Caption-style text data:
________________________
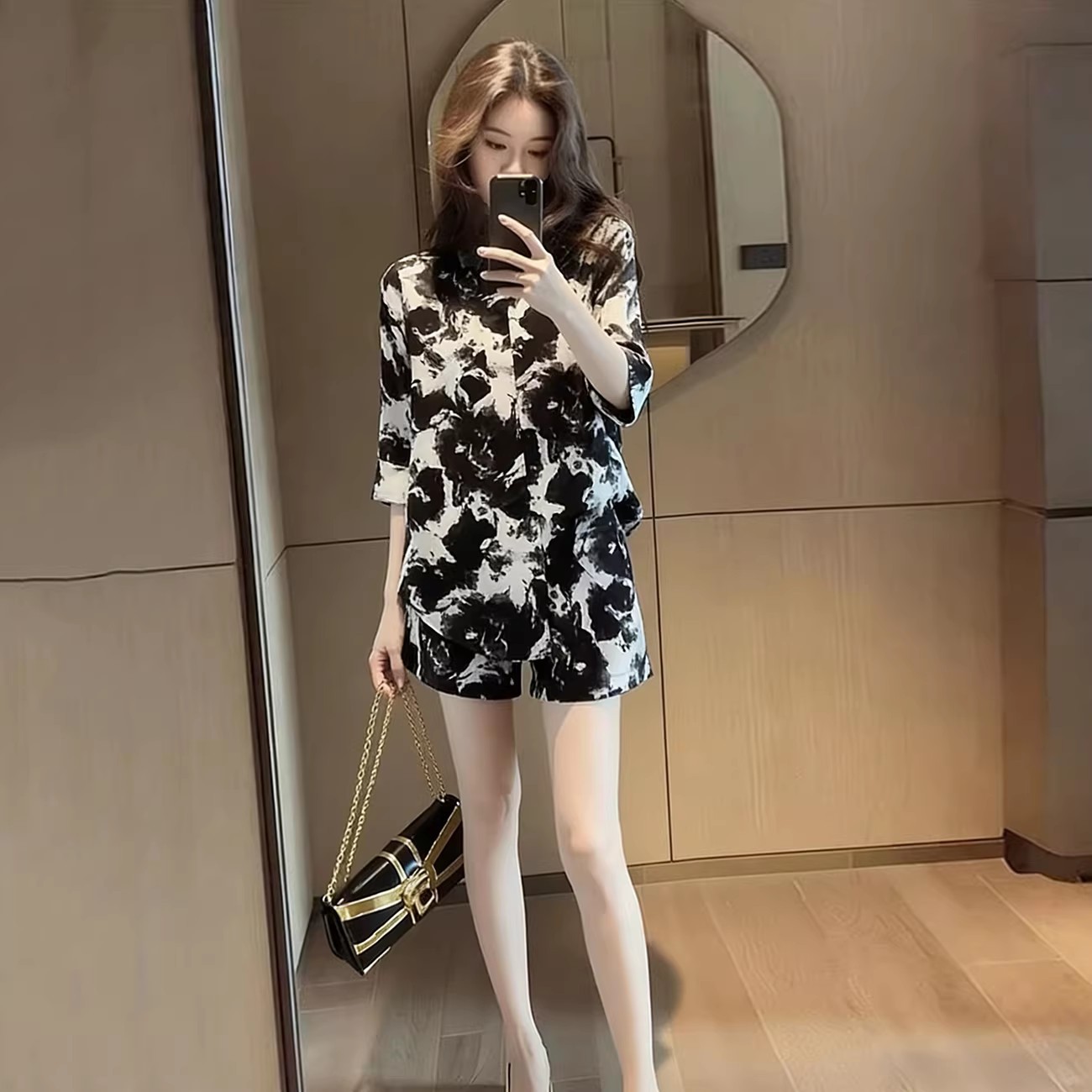 Retro fashionable shirt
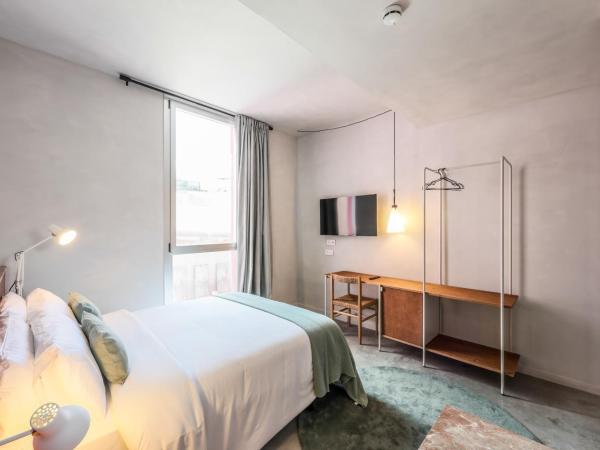 Madrid Live Coworking - SELF SERVICE - : photo 1 de la chambre chambre double - vue sur piscine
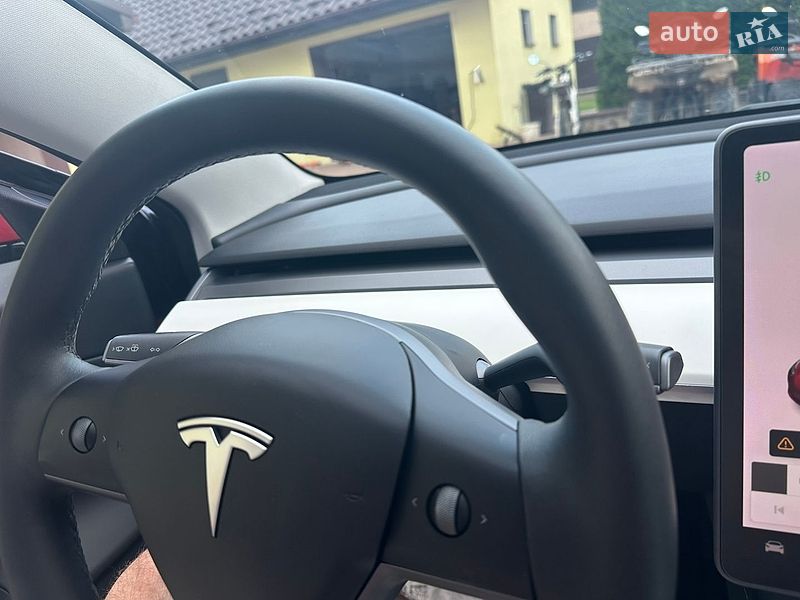 Седан Tesla Model 3 2021 в Вінниці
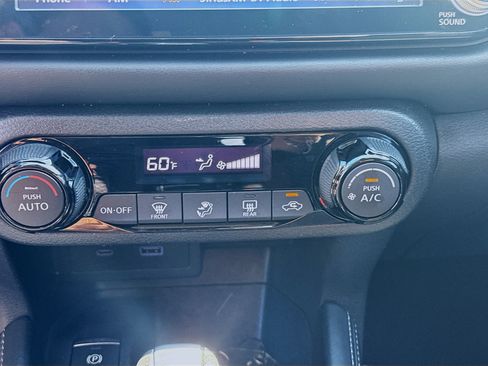 Used 2021 Nissan Kicks SR FWD image 14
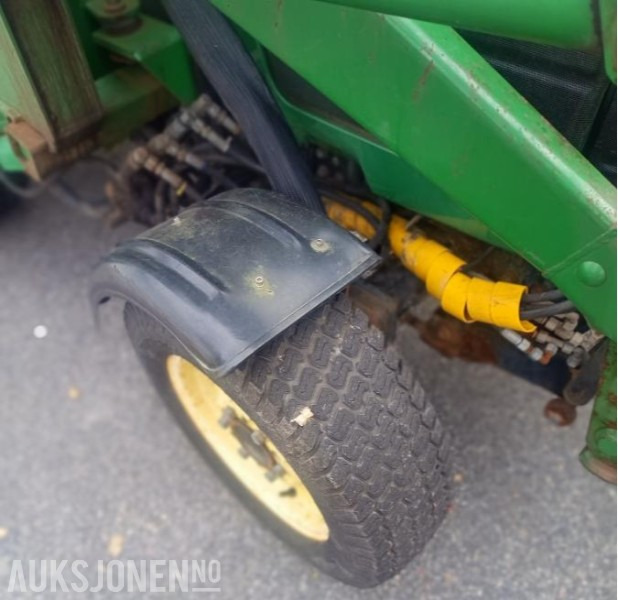 2000 John Deere JD4400 Frontlaster Skuffe Vikplog - Τρακτέρ: φωτογραφία 5 2000 John Deere JD4400 Frontlaster Skuffe Vikplog - Τρακτέρ: φωτογραφία 5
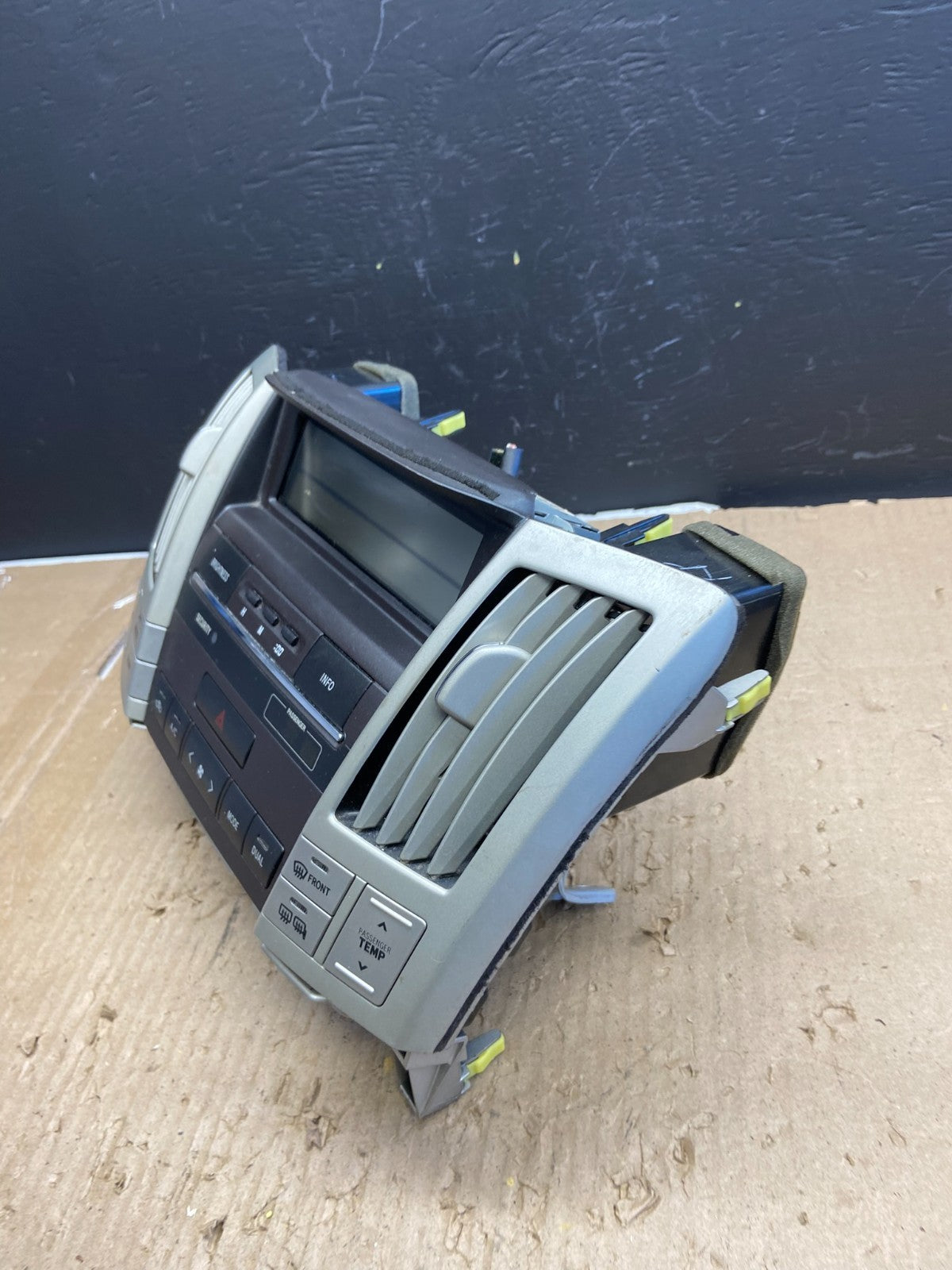 2007-2009 Lexus RX350 Radio Information Dash Climate Control Air Vent AB5800 DG2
________________________
» **Problem statement**
Write out nothing but the lines from the one with "Седан Tesla Model 3 2021 в Вінниці" through the last line of the entries, exactly as they stand; pictures are not part of the copy.

» **Result for this exercise**
 Седан Tesla Model 3 2021 в Вінниці
 Used 2021 Nissan Kicks SR FWD image 14
 2000 John Deere JD4400 Frontlaster Skuffe Vikplog - Τρακτέρ: φωτογραφία 5 2000 John Deere JD4400 Frontlaster Skuffe Vikplog - Τρακτέρ: φωτογραφία 5
 2007-2009 Lexus RX350 Radio Information Dash Climate Control Air Vent AB5800 DG2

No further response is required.